**WHAT THE TASK ASKS**
Exactly and only the lines from the line holding "this 640×355 image." to the end of the records should be reproduced. Leave pictures out.

-------- PROVIDED RECORDS --------

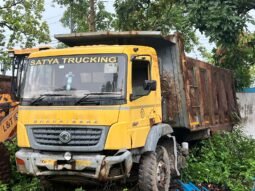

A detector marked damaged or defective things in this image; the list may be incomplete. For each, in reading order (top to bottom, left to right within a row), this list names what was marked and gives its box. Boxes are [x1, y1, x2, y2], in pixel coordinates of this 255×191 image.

rusty dump bed [55, 31, 239, 134]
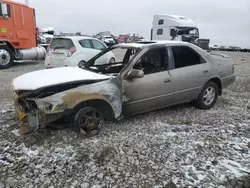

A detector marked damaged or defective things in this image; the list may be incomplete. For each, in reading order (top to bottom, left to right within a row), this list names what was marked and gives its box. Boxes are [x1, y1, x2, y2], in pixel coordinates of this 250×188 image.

crumpled hood [12, 66, 110, 90]
damaged silver sedan [12, 41, 235, 134]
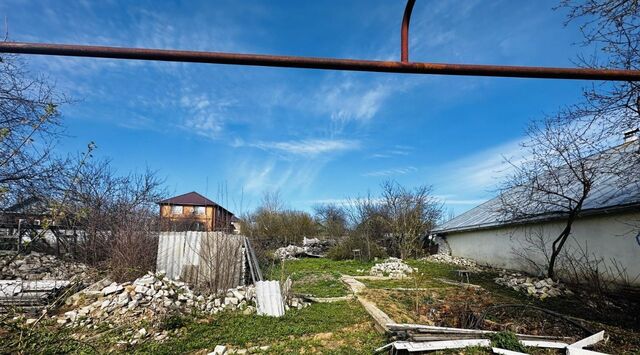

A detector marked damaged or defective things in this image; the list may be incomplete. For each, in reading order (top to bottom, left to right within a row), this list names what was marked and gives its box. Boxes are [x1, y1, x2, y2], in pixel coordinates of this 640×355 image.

rusty steel beam [1, 41, 640, 81]
rusty metal pipe [1, 41, 640, 81]
rusty metal pipe [400, 0, 416, 62]
rusty steel beam [400, 0, 416, 62]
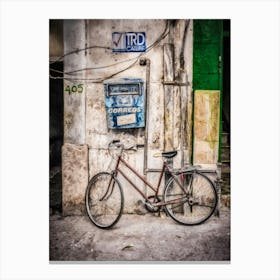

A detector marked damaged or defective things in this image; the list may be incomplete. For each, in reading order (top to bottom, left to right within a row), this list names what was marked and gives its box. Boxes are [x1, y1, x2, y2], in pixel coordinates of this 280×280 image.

rusty bicycle [85, 140, 219, 230]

--------

**YOUR SOLUTION**
A detector marked damaged or defective things in this image; the list may be incomplete. For each, in reading order (top to bottom, left to right within a row), this list names what was marked and gives its box. Boxes are [x1, y1, x2, y2], in pixel coordinates of this 640×355 image.

rusty steel beam [1, 41, 640, 81]
rusty metal pipe [1, 41, 640, 81]
rusty metal pipe [400, 0, 416, 62]
rusty steel beam [400, 0, 416, 62]

A detector marked damaged or defective things in this image; the list may be incomplete. For each, in reading order (top to bottom, left to right within a row), this list names what was marked and gives its box. Boxes are [x1, y1, x2, y2], in pixel coordinates of this 280×280 image.

rusty bicycle [85, 140, 219, 230]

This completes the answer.